Flexible extension: New labels or languages can be introduced via additional description embeddings or minimal adaptation.

Limitations include increased computational costs for large sets of candidate pairs (especially O( $L^2$ ) scaling for NER) and the sensitivity of threshold learning to contextual variance, which may require further adaptive calibration (Zhang et al., 2022).

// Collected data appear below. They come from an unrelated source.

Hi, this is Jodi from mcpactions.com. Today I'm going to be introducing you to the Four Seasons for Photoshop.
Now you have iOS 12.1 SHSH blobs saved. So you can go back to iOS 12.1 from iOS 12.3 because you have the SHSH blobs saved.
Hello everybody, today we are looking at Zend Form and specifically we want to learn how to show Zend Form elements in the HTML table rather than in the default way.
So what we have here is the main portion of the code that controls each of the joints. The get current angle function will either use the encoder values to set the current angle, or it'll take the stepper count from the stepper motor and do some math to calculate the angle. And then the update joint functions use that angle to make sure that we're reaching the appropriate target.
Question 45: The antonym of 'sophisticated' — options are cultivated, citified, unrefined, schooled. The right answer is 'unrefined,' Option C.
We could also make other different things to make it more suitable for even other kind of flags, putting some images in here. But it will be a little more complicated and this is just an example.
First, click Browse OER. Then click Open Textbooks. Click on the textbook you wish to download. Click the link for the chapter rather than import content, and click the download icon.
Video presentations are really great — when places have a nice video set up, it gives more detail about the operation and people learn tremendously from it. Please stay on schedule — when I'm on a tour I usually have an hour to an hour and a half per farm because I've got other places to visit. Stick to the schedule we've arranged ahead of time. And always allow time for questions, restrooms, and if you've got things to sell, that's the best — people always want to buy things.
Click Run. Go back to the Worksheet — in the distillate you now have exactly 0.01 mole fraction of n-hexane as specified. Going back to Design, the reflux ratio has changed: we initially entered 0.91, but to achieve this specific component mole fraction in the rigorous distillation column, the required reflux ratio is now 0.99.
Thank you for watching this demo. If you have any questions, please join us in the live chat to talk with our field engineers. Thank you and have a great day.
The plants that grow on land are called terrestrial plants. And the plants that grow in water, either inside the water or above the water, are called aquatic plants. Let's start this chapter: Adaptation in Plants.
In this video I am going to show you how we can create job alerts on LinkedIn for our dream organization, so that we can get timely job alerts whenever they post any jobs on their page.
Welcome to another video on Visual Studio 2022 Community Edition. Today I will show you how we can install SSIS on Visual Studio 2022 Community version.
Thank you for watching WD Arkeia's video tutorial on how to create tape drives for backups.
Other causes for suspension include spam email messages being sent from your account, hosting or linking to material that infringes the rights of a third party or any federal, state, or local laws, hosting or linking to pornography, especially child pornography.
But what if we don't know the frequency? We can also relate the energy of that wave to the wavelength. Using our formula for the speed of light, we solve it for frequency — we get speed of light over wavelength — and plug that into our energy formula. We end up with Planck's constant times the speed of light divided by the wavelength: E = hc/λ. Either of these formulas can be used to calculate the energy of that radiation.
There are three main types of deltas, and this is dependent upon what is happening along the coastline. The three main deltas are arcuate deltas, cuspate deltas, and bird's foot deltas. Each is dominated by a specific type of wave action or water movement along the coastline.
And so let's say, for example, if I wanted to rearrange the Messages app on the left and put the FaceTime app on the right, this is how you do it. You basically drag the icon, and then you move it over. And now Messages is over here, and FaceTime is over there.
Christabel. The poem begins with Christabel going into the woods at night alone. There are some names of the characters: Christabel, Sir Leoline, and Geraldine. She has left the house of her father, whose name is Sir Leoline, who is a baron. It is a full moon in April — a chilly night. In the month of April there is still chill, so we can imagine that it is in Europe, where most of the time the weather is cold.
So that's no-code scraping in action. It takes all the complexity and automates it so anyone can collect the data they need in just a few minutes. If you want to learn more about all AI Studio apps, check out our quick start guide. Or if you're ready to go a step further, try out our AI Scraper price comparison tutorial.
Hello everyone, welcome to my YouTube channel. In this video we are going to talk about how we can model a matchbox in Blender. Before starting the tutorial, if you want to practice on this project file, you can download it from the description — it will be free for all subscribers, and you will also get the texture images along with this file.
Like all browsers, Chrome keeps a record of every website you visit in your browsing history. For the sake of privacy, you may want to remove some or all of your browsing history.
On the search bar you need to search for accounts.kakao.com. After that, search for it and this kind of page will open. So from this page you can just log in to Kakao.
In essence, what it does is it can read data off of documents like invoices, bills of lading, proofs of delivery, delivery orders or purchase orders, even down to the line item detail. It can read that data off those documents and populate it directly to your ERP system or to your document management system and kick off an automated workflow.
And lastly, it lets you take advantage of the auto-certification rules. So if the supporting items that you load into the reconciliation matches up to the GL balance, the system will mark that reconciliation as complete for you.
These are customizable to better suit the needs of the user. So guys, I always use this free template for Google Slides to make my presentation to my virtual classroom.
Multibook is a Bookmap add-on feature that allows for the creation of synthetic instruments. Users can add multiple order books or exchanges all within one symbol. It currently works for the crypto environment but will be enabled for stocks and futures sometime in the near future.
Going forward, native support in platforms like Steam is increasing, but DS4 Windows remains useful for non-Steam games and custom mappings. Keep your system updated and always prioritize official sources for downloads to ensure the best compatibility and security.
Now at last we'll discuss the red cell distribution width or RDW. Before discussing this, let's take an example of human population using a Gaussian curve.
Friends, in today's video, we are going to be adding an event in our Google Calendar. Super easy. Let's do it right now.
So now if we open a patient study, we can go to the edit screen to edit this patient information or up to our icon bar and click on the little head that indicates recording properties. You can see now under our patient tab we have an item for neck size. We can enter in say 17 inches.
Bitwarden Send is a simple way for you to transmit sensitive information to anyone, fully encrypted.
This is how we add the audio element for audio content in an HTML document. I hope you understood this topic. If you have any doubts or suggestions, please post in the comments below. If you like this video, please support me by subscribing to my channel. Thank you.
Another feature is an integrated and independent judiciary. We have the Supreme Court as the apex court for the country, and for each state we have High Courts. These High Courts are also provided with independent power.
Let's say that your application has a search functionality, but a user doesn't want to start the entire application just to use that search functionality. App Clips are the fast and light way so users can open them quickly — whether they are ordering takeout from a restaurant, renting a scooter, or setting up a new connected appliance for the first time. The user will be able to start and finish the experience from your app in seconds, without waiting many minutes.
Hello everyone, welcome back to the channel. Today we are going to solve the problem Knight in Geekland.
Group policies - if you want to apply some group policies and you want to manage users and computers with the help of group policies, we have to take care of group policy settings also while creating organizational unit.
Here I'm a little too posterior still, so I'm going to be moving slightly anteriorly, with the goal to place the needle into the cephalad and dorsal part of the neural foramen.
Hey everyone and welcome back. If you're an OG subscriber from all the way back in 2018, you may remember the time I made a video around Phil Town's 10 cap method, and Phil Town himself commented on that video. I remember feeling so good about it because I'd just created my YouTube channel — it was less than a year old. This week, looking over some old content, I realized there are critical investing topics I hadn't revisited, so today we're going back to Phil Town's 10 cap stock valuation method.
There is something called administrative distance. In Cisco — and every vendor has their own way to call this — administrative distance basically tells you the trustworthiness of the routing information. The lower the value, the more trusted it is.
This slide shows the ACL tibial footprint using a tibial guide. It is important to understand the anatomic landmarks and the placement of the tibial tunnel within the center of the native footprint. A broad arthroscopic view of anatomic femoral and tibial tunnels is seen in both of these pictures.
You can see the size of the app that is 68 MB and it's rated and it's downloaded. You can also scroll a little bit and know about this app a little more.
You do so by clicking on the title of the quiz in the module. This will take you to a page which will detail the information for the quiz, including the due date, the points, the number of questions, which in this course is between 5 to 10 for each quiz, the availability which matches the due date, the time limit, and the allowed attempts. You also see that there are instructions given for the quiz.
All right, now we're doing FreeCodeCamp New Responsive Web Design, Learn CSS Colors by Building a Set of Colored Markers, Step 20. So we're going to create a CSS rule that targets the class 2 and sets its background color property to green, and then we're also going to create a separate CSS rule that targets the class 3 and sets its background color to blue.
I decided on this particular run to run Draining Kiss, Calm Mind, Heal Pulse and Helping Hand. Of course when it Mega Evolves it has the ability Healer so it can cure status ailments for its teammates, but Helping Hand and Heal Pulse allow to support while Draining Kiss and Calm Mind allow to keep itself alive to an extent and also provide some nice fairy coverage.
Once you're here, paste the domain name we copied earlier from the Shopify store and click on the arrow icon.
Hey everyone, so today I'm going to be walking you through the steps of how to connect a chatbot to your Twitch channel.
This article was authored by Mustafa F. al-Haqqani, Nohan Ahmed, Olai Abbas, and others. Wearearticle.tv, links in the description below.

For paraphrase identification, there remains a small but stable performance gap relative to tightly-coupled cross-encoder models, although the modularity and efficiency of the bi-encoder remains desirable (Fedorova et al., 2024).

7. Representative Configurations

Variant	Application Domain	Encoder(s)	Vector Dim	Key Loss
CARP Tiny/Base/Large (Matiana et al., 2021)	Story Evaluation	RoBERTa	2048	InfoNCE + learned τ
CARP CoOp (Castricato et al., 2022)	RL Preference Reward	RoBERTa/BERT	2048	InfoNCE + soft prompt
BINDER (Zhang et al., 2022)	NER	BERT (non-shared)	d × K typ.	InfoNCE + dyn. thresh.
CARP (LaBSE) (Fedorova et al., 2024)	Paraphrase ID, Multil.	LaBSE	768	ArcFace + hard negs

Each configuration is tailored by domain requirements (e.g., whether parameter sharing is needed, scale of candidate space, or availability of hard negatives) and backbone properties.

Contrastive Bi-Encoders (CARP) define a principled approach to semantic alignment through dual encoding and contrastive learning, with demonstrated utility in evaluation, control, recognition, and cross-lingual understanding across multiple NLP domains (Matiana et al., 2021, Castricato et al., 2022, Zhang et al., 2022, Fedorova et al., 2024).